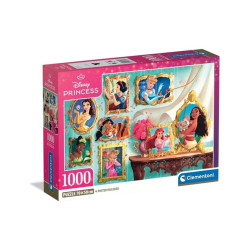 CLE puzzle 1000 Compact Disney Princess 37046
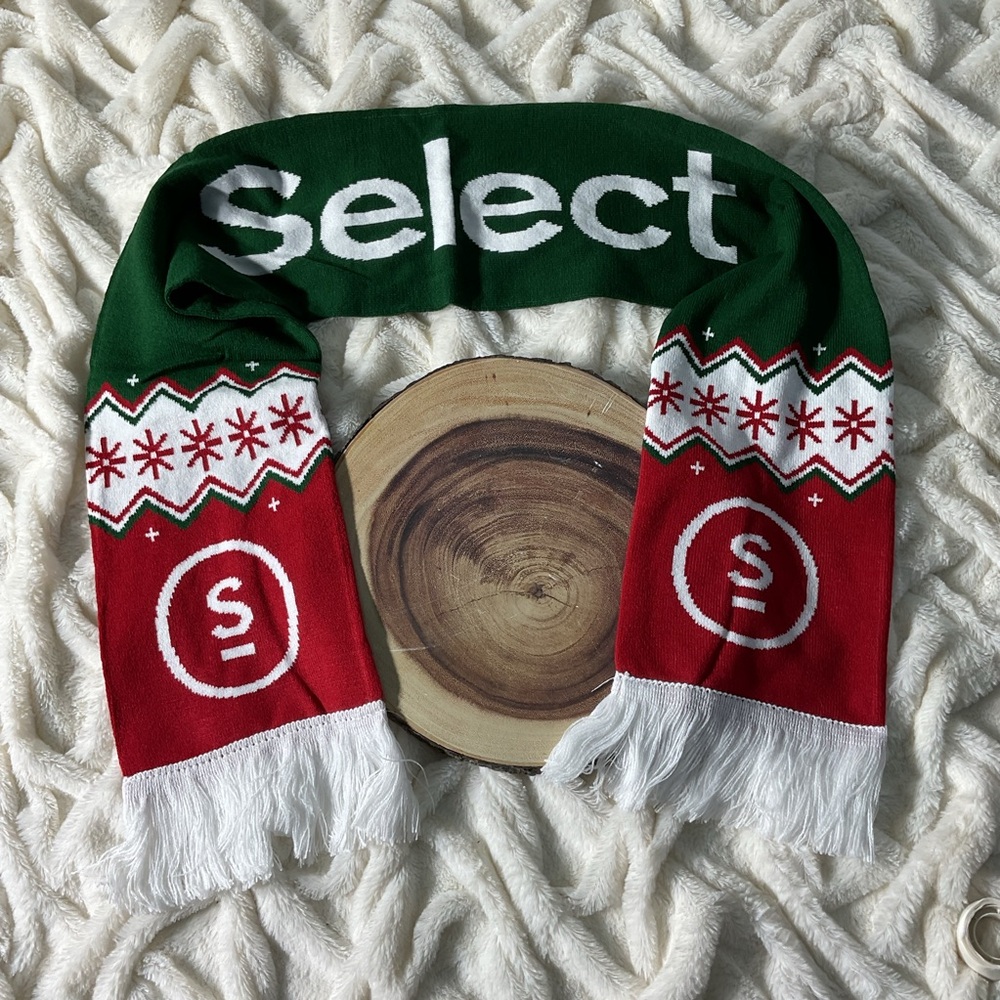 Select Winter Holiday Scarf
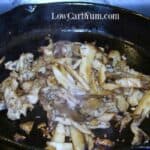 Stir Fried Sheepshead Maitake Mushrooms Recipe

▶ _Task to carry out_
The listing above must be retyped word for word, without the pictures.

▶ _Completed task_
 CLE puzzle 1000 Compact Disney Princess 37046
 Select Winter Holiday Scarf
 Stir Fried Sheepshead Maitake Mushrooms Recipe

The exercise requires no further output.